From: "Lis, Tomasz" <tomasz.lis@intel.com>
To: Matthew Brost <matthew.brost@intel.com>,
<intel-xe@lists.freedesktop.org>
Cc: <michal.wajdeczko@intel.com>
Subject: Re: [PATCH v2] drm/xe/vf: Start re-emission from first unsignaled job during VF migration
Date: Sat, 1 Nov 2025 02:33:07 +0100 [thread overview]
Message-ID: <9c179328-bc36-49c6-9147-869b9ce2f77b@intel.com> (raw)
In-Reply-To: <20251031201345.3015516-1-matthew.brost@intel.com>
[-- Attachment #1: Type: text/plain, Size: 4078 bytes --]

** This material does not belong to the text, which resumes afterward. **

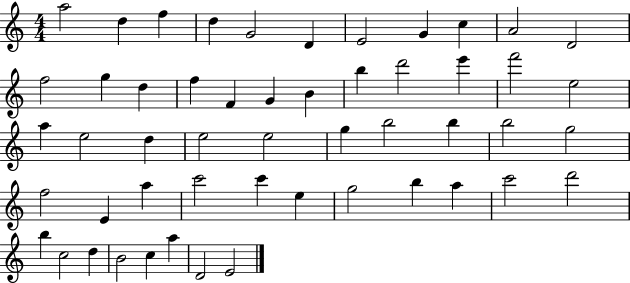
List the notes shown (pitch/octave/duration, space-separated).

A5/h D5/q F5/q D5/q G4/h D4/q E4/h G4/q C5/q A4/h D4/h F5/h G5/q D5/q F5/q F4/q G4/q B4/q B5/q D6/h E6/q F6/h E5/h A5/q E5/h D5/q E5/h E5/h G5/q B5/h B5/q B5/h G5/h F5/h E4/q A5/q C6/h C6/q E5/q G5/h B5/q A5/q C6/h D6/h B5/q C5/h D5/q B4/h C5/q A5/q D4/h E4/h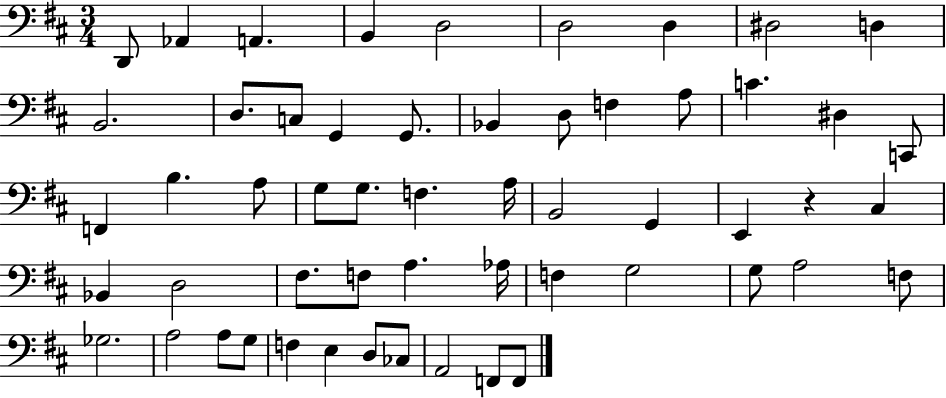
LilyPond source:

On 10/31/2025 9:13 PM, Matthew Brost wrote:
> The LRC software ring tail is reset to the first unsignaled pending
> job's head.
>
> Fix the re-emission logic to begin submitting from the first unsignaled
> job detected, rather than scanning all pending jobs, which can cause
> imbalance.
>
> v2:
> - Include missing local changes
>
> Fixes: c25c1010df88 ("drm/xe/vf: Replay GuC submission state on pause / unpause")
> Signed-off-by: Matthew Brost<matthew.brost@intel.com>
> ---
> drivers/gpu/drm/xe/xe_gpu_scheduler.h | 5 +++--
> drivers/gpu/drm/xe/xe_guc_submit.c | 19 +++++++++++--------
> 2 files changed, 14 insertions(+), 10 deletions(-)
>
> diff --git a/drivers/gpu/drm/xe/xe_gpu_scheduler.h b/drivers/gpu/drm/xe/xe_gpu_scheduler.h
> index 9955397aaaa9..357afaec68d7 100644
> --- a/drivers/gpu/drm/xe/xe_gpu_scheduler.h
> +++ b/drivers/gpu/drm/xe/xe_gpu_scheduler.h
> @@ -54,13 +54,14 @@ static inline void xe_sched_tdr_queue_imm(struct xe_gpu_scheduler *sched)

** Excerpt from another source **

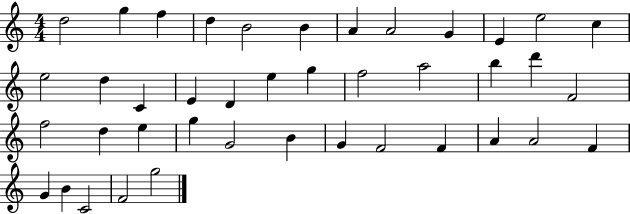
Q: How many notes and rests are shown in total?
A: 41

> static inline void xe_sched_resubmit_jobs(struct xe_gpu_scheduler *sched)
> {
> struct drm_sched_job *s_job;
> + bool skip_emit = false;
>
> list_for_each_entry(s_job, &sched->base.pending_list, list) {
> struct drm_sched_fence *s_fence = s_job->s_fence;
> struct dma_fence *hw_fence = s_fence->parent;
>
> - if (to_xe_sched_job(s_job)->skip_emit ||
> - (hw_fence && !dma_fence_is_signaled(hw_fence)))
> + skip_emit |= to_xe_sched_job(s_job)->skip_emit;
> + if (skip_emit || (hw_fence && !dma_fence_is_signaled(hw_fence)))
This looks ok, but what is the mechanism which could lead to a job after
the first `skip_emit=1` job to have the `skip_emit` flag lifted?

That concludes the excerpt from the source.